I have to wonder if choosing to walk out at a less disruptive moment wouldn't have been a better choice -- teaching a sense of respect for art, no matter whether one agrees with it or not, and not putting the students in an obviously tricky situation. Was there an intermission? Or perhaps even a pause between sections in which to leave rather than in the midst of one? While I understand and sympathize, to some degree, with the adults responsible for the teenagers in the audience, I'm not sure teaching kids that blatantly interrupting a performance is okay is the most responsible option here.

The issue of "forgiveness" seems a fraught one to me. To grant forgiveness when it isn't asked for is a rather self-aggrandizing act. However, so is a mass exodus in the middle of a show. Everyone has their right to react as they like, barring actual violence (the water pouring being a step in that direction), and this is extended to the audience and to the artist.

Thanks again for your post-
sharkskin girl


My son was there
One thing most people are missing. It seems to me, Mr Mike Daisey, knew before he posted on youtube, who this group were and came from. In the info area of the clip It states 87 members of a Christian group. why?
I talk to him about this in messages ,he said he had posted before he knew who they were. It does not look that way to me . The one that puts the clips on youtube, are able to pull their clips, and repost, They can remove comments and block viewers from making a comment. Which he did to me.
Day of walk out 4-19-07
Talked with Cindy L. from the school and the man the poured water David 4-20-07 acording to news papers and his site.
Youtube shows posted 4-21-07.
Why? After reading much about Mr. Daisey and hid followers. I think I have the answer.
Seems as he forgave 1 and punished 86 others lets not count the other 11 adults just the 75 kids that were 14-17 years of age.
He heard there cries with their comments .
They were high school kids from s. California .there for choral competition.
To date 5-4-02 more info are shows Christian ,still. He said 4-21-07 is a repost .but he did not amend info


Actually, the more I encounter their respective thoughts on documentation and what audiences do by means of it, the less I am sure that they are not talking about the same thing. I'll try to explain this later if I can find Auslander's quote from Walter Benjamin addressing how the document "reactivates" prior objects. This discourse of "reactivation" is the same one Phelan uses in talking about documents, although she apparently talks about reactivating prior traumas, which I think is different than reactivating objects. I heard her talk on the Falling Man a long time ago, and can't recall the details.

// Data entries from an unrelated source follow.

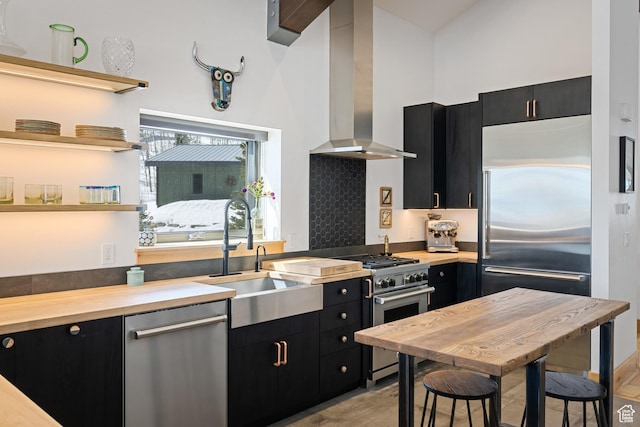 10256 N Basin Canyon Rd, Park City, UT 84098 - kitchen featuring dark cabinetry, wall chimney range hood, high end appliances, a sink, and butcher block countertops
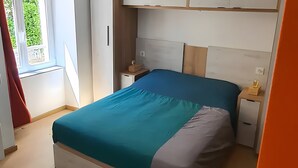 Un dormitorio con cama, mesitas de noche, una ventana y una puerta.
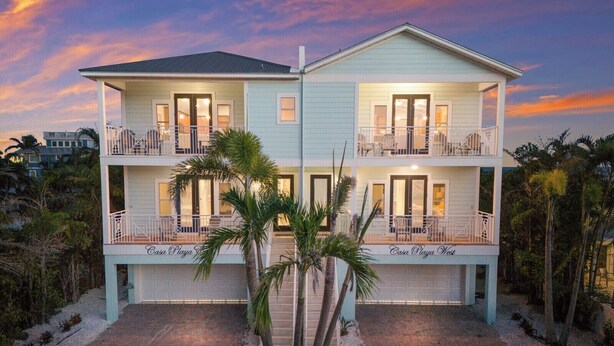 A two-story beachfront property with balconies, palm trees, and a well-maintained garden. - Sleeps 10  Beach-Bay Views Private Heated Pool Elevator Perfect location (Holmes Beach)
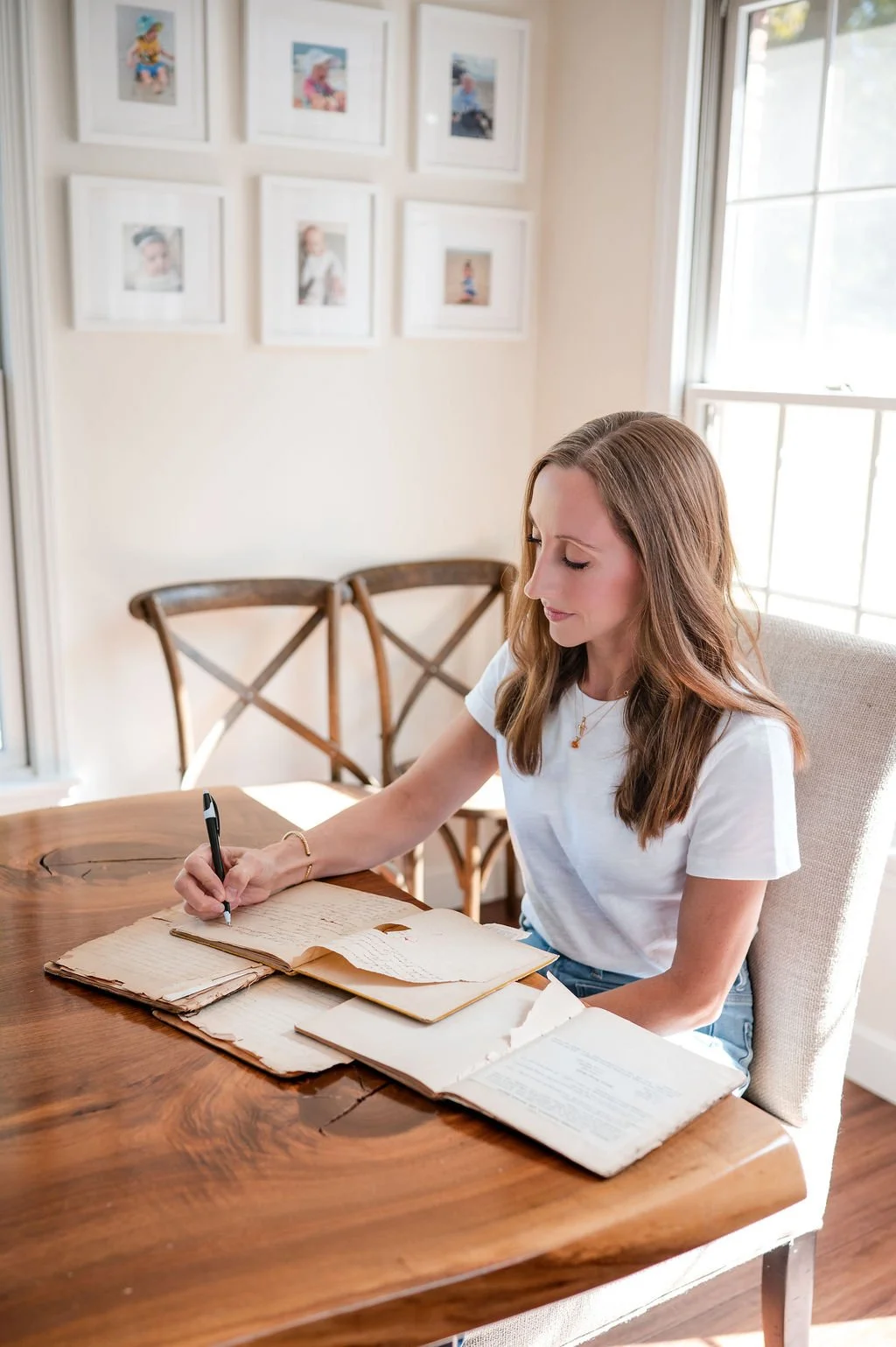 A woman with brown hair and a white t-shirt sitting at a wooden table, writing in an old, open book with other aged papers on the table. The room has cream walls, a window letting in natural light, and framed photos on the wall.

In both cases (Auslander's theory and Phelan's), I have some unsolved questions about the reactivation process. But more thoughts on that later.

sharkskin girl

Dear Snarky,

I love the idea of "The Yellow Legal Pad"!

Ah, the Auslander/Phelan dialectic emerges again... I haven't had a chance to read PA's piece from PAJ, but I've been intending to for a couple of weeks now. You've inspired me to shift it to a higher position on my queue.

Have a great weekend-


Hey Sharkskin Girl,

Well, perhaps my accusations of "sexism" were, in fact, an effort to find a good reason to dislike Mike Daisey. His victim posture (and the subsequence speech he makes on his blog about how he forgave the perp) are too much for me. I find his onstage persona (as well as his real-life personality) deeply annoying. But that's just me...

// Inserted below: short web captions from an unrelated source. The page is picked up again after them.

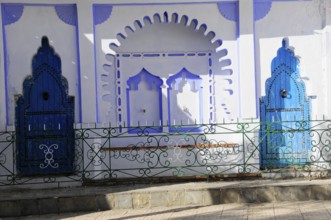 Chefchaouen, Rif Mountains, Morocco, Detail of blue ornamental doors with shadows on a white wall,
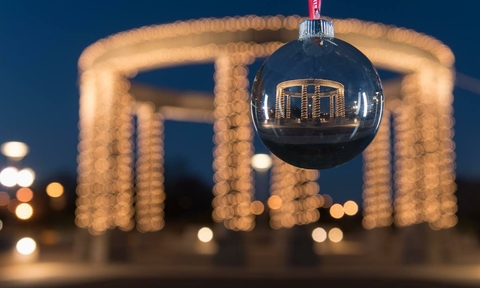 lit up colonnade in the background with ornament of colonnade in foreground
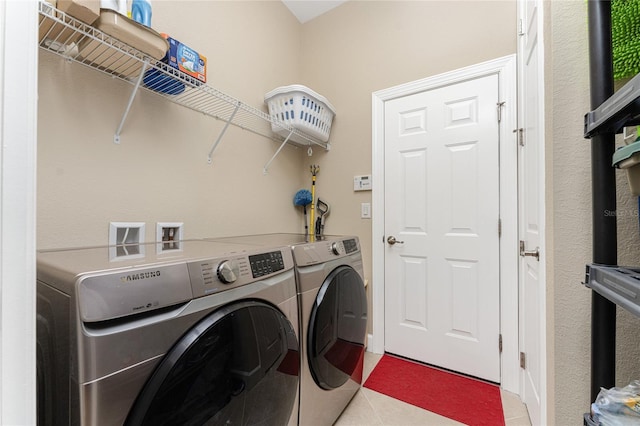 laundry area with washing machine and clothes dryer and light tile patterned floors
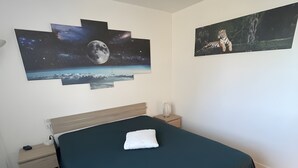 A bedroom with a bed, a nightstand, a lamp, and wall art depicting space and a tiger.
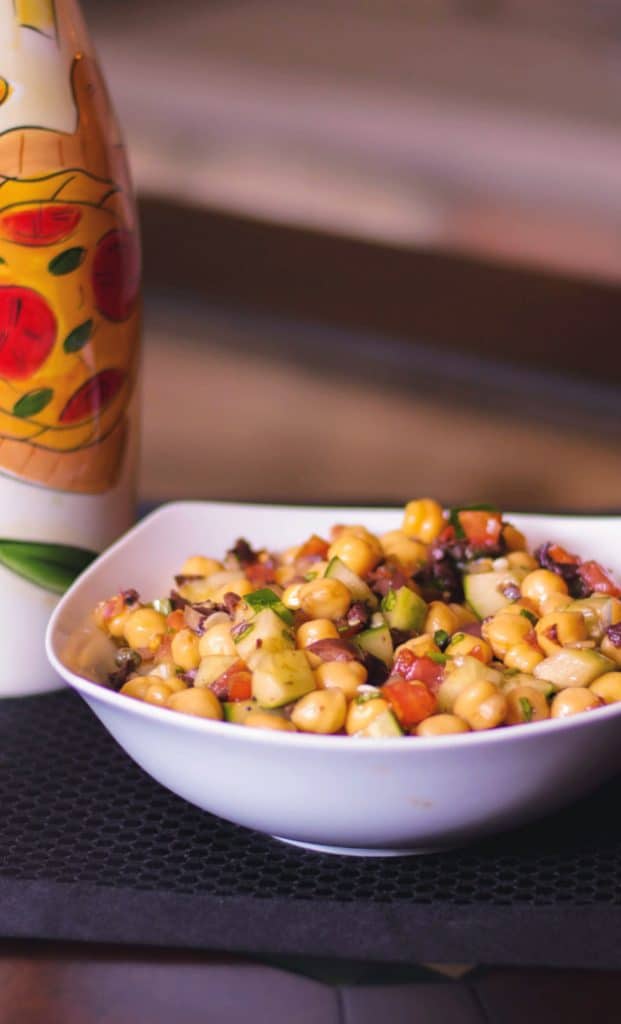 Mediterranean Chick Pea Salad made with capers, Kalamata olives, cucumbers, tomatoes and fresh basil in a balsamic vinaigrette. 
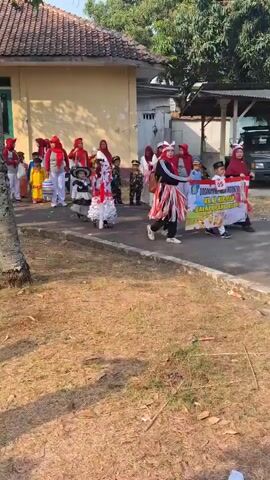 The video shows a group of children and adults gathered outdoors. Some children are wearing colorful costumes and are participating in what appears to be a parade or performance. One child in the foreground is wearing a white and red outfit with white ruffles and is being escorted by an adult in a matching outfit. Another child is wearing a blue costume with silver accents. Adults in the background are dressed in various casual clothing, with some wearing red headscarves. The environment appears to be a schoolyard or community area, with a building with a red tiled roof and a yellow facade in the background. There are trees and dry grass on the ground. A banner with Indonesian text is visible, suggesting a local event. Several people are holding cameras and phones, seemingly documenting the event. The overall atmosphere seems festive and communal.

I disagree with you, though, about this part of your response:

"The yellow notepad becomes symbol of both what is lost in every performance--that which can never be fully recovered by the written or videoed document--and what was specifically lost in this protested (though that does seem to be a strong word for what happened, doesn't it?) performance. Yes, the notes are, in fact, recoverable, but the experience of that paper and what it carried with it, is certainly not."

I don't know if every performance presents us with an unrecoverable "loss." In any case, it strikes me that the experience of the yellow page is precisely what was *not* lost in this performance.

Its "violation" is fully documented in the video, and future audiences will certainly be able to "recover" the moment when the paper was doused. They will also be able to see what happened to this poor "objet d'art" in the immediate aftermath of its dousing: how its body was gingerly held up and shaken, how it was carried offstage like some holy host, etc... Future audiences will be able to reconstruct the fact that it was dried and photocopied, and thus *reappeared* as a document of what it had once been.

I agree with Phil Auslander's theory that documents are, in themselves, performative. We don't need the original to recover what you call "the experience of that paper and what it carried with it." We can, if we wish, perform our *perceptions* of that experience by means of the document. The Youtube video is good enough for me, but if I wanted to take my performative engagement with the document a step further, I would probably grit my teeth and email Mike Daisey, and ask him to send me yet another photocopy of his Art.

Oh, the trauma of it all... Mike Daisey should do a spoof on that Charlotte Perkins Gilman short story, "The Yellow Wallpaper," and write his own performance called "The Yellow Legal Pad." I might actually pay to see that show. :)

sharkskin girl

Dear Snarky, Wowzer, and Mirroruptonature,

A few responses to this fantastic dialogue:

Regarding the "sexist" aspect of Daisey's comparison of New York City's blatant commercialization of itself to sex with Paris Hilton, I rather feel that in being presented and presenting herself as a blatantly sexual object, Paris Hilton goes somehow beyond being an objectified woman into a larger notion of what a certain stereotype of hyper(hetero)sexualized celebrity signifies. She is, in many senses, a cultural icon of sexual excess, and the self-reflexive, if one-dimensional, critique Daisey affords her (thinking only of "being" PH whilst in coitus flagrante) is less a case of sexism--less being about PH as a person--than of metaphorically reading a pop-cultural reference.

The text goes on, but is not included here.